To stop the planet from warming further, all of humanity will need to achieve a version of net-zero emissions. Any greenhouse gases that are released into the atmosphere will need to be sucked out again, whether by trees, microorganisms, or carbon-scrubbing machines.

That’s because carbon dioxide, the main human-produced greenhouse gas, can linger in the atmosphere for centuries. Even if CO2 emissions slow to a trickle, they will still accumulate and continue warming the planet, albeit at a slower rate.

The Paris climate agreement, for instance, set a goal for limiting warming this century to less than 2 degrees Celsius, with a more optimistic goalpost of staying below 1.5°C (compared to global average temperatures before the industrial revolution). Reaching either of these objectives would require humanity to eliminate its greenhouse gas emissions, but on different timelines. The longer it takes, the worse the warming.

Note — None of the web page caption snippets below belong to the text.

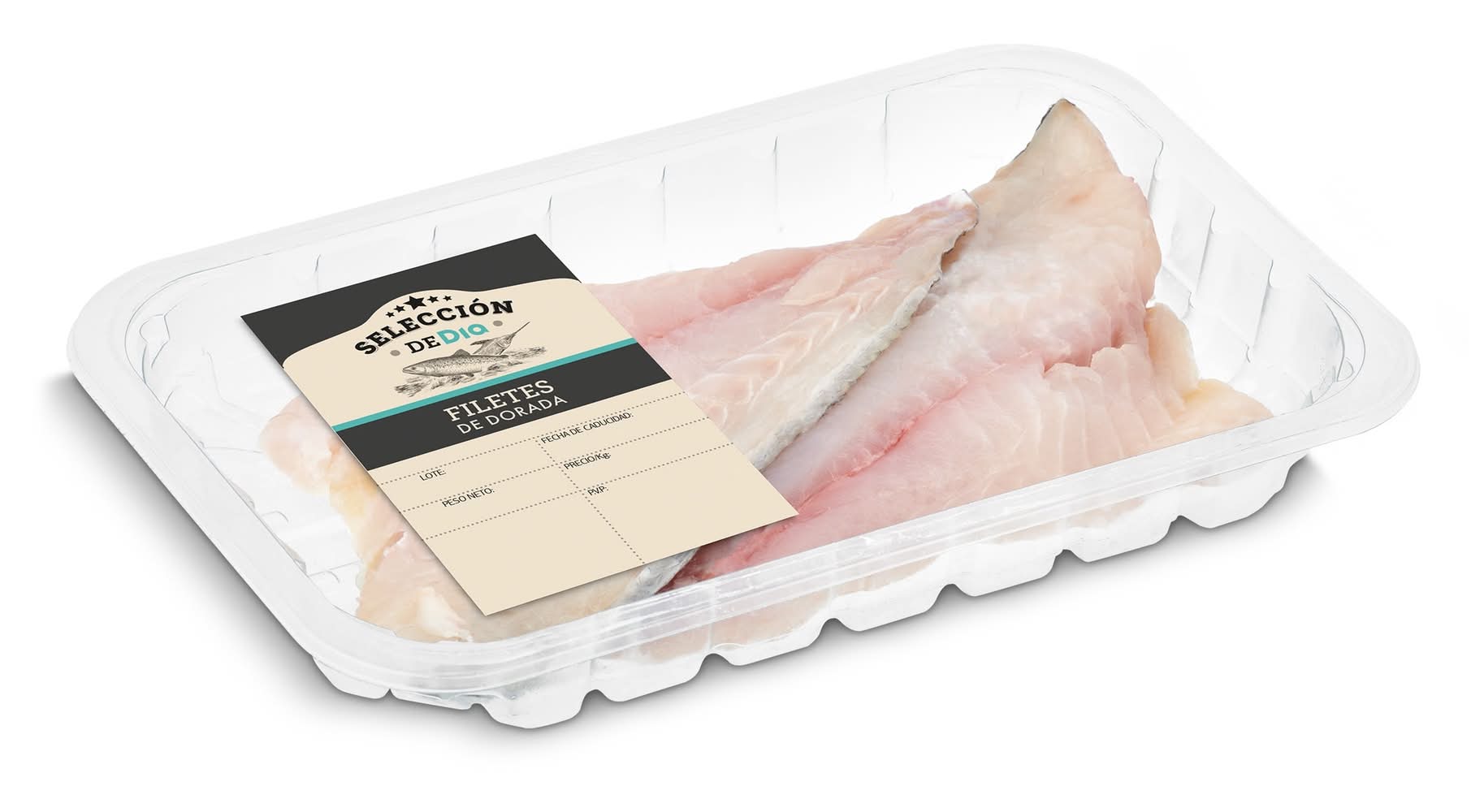 Filete De Dorada Selección De Dia Bandeja 240 G Aprox.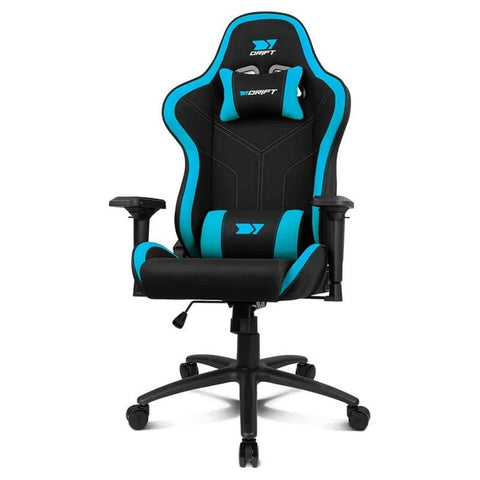 Silla gaming drift dr110 negro - azul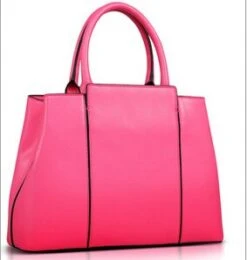 Hot Fashion 2015 Leather Women Bag Messenger Bags Shoulder Bag Handbags European Brief Style Tote -Luggage Factory product image 917153862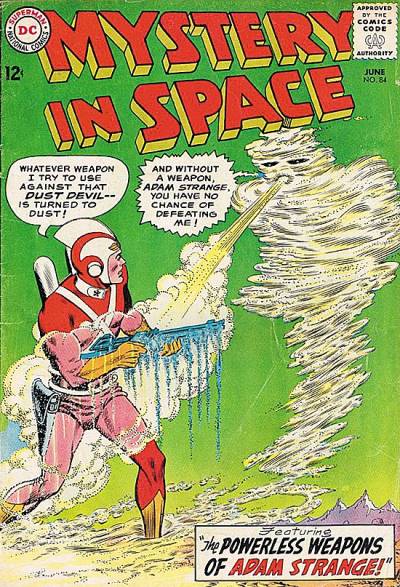 Mystery In Space (1951)   n° 84 - DC Comics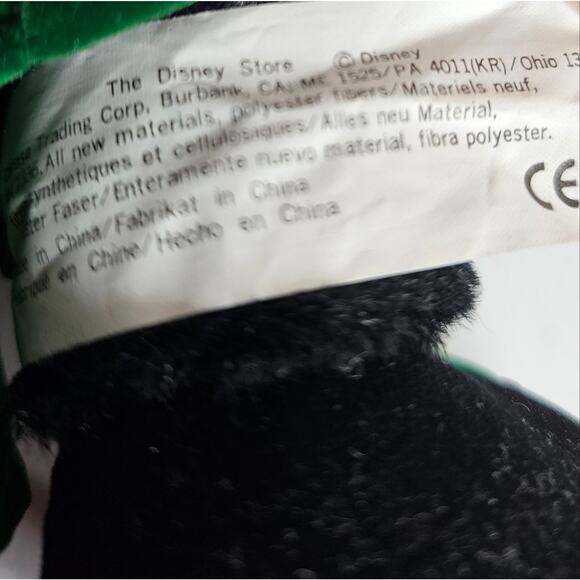 Vintage Disney Holiday Mickey Mouse Sweater & Ice Skates 12" Stuffed Plush Toy - Picture 10 of 10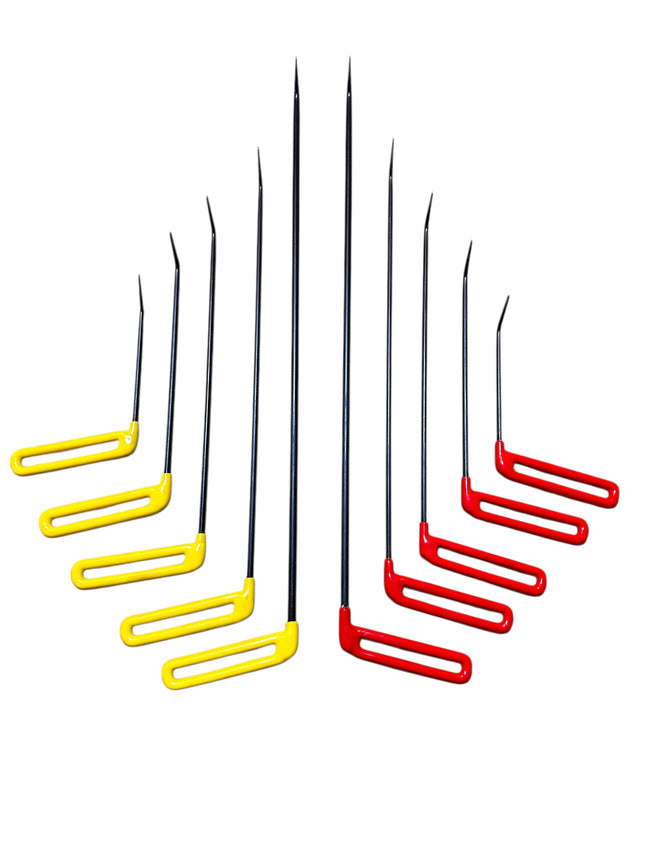 10 Pieces Bracket Set Right Left - PDR Tools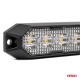ΣΤΡΟΜΠΟ 12/24V 6xSMD LED 18W (6x3W) R65 R10 IP68 IP6K9K 122x30mm ΑΜΙΟ - 1 ΤΕΜ. Στρόμπο (Strobe)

In the context of climate change, the atmosphere doesn’t care where the emissions are coming from or where they go, just the overall quantity that makes it into the sky. So in theory, matching greenhouse gas outputs with withdrawals can eliminate impacts on the climate.

However, it takes a lot of work to truly counter the damage of emissions. “I think just saying, ‘I’m going to be net-zero,’ with no concrete plans to achieve that goal, is not legitimate,” said Kelley Kizzier, vice president for global climate at the Environmental Defense Fund. “We have to understand what that company or country is going to do to make that a reality.”

Here are questions to ask about net-zero commitments.

Is the country or company making actual reductions in emissions?

There is no substitute for reducing overall emissions. Preventing greenhouse gases from spewing into the sky in the first place is the most meaningful and straightforward way to curb humanity’s impact on the climate. That means phasing out fossil fuels like oil and gas as completely as possible, as quickly as possible.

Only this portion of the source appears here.